Одряхление смысла, происходящее, когда он становится ходячим мнением, достоянием толпы, возможно именно по той причине, что он самоценен. Докса состоит из реликтовых семантических комплексов, у которых есть ценность, но нет начинательности, авангардности. Смысл лишается здесь своей обновительной функции — и тем важнее оказывается его аксиологическое (а не референтное или квазиреферентное) содержание. Докса имитирует историю понятий и идей за счет того, что меняет только ценностные знаки, которыми наделяются одни и те же, в своей сущности непереиначиваемые, смыслы, как, скажем, в том случае, когда мода то превозносит, то опорочивает художественные тексты. Процесс ревалоризации еще не знаменует собой появление небывалого. Положительный или отрицательный подход к какой-либо смысловой величине, не выдвигающий по отношению к ней понятийно-идейной альтернативы, руководствуется прежде всего прагматическим критерием, отправляясь от пригодности интеллектуального продукта для продления социостаза, для общественного воспроизводства. Докса и биофизическая практика согласуются между собой в обоюдном прагматизме. Духовная культура сопротивляется тому, что ее историческая роль перенимается и разыгрывается подражающей ей доксой, и заранее определяет ценностное манипулирование смыслами как недопустимое, как обреченное на поражение (так, негативный двойник Христа, антихрист, будет сокрушен в последней битве за установление вечной истины). Докса, подстраивающаяся под развитие Духа, делает своих носителей приспособленцами. Массовое сознание конформно.

2.

Две практики — семантическая и прагматическая — часто путаются в философских штудиях. Свежий пример такого смешения — книга Петера Слотердайка “Ты должен изменить свою жизнь”[2]. Слотердайк старается представить культурную активность в виде “жизни-в-упражнении”, набирания людьми опыта посредством обучения у менторов.
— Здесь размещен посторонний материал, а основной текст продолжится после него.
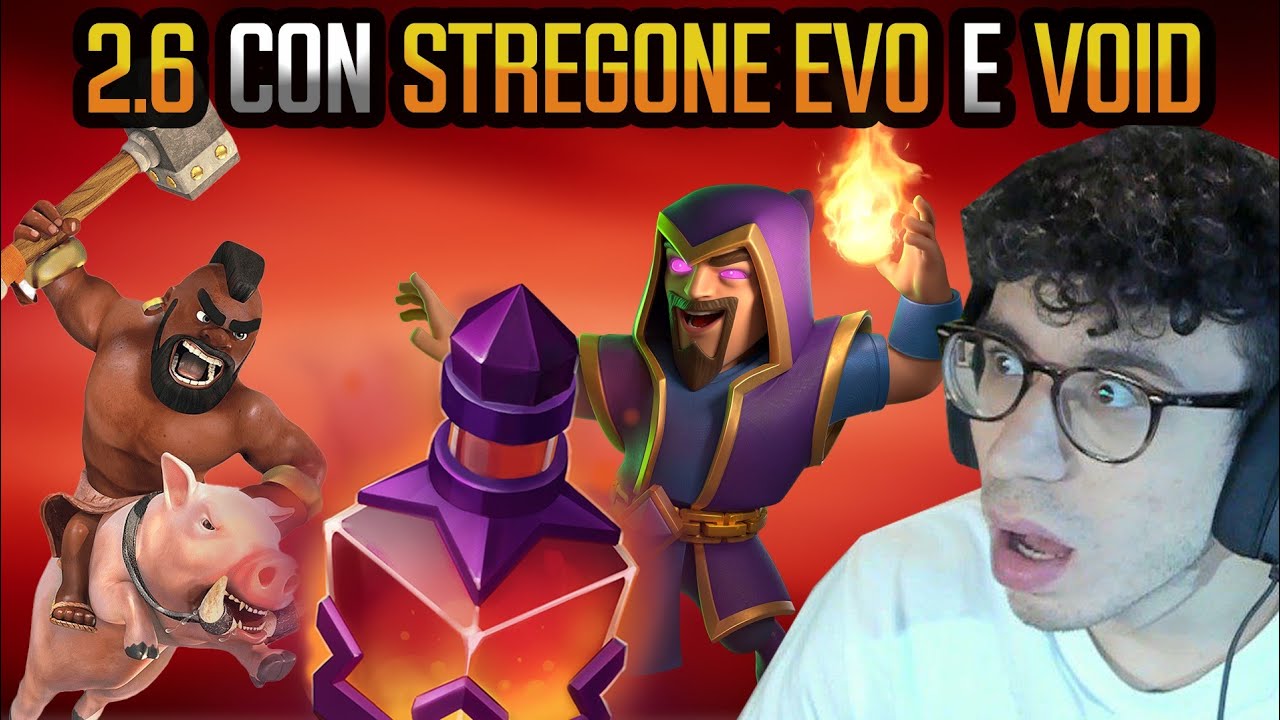 2.6 DOMATORE CON STREGONE EVO E VOID! - CLASH ROYALE ITA - YouTube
Под таким углом зрения достижения “высокой” культуры становятся подобными спортивным рекордам, которых атлеты добиваются под надзором тренеров, исправляющих ошибки своих подопечных. Как “система дрессировки”[3] и тренажа человеческая деятельность предполагает овнутривание субъектом авторитета. Эта спиритуальная “антропотехника” соответствует возведению всяческих защитных (“иммунных”) сооружений, предназначенных для борьбы с опасностями — со смертью. Спрашивается: а кто, собственно, наши учителя, как они завоевывают свои позиции? Слотердайк моделирует культуру в перспективе младших, сберегающих и совершенствующих наследство, доставшееся им от старших. Практика творчества, нацеленного в неизведанное, растворяется в консервировании прежнего опыта, доказавшего свою прагматическую состоятельность, свою “иммунологическую” эффективность.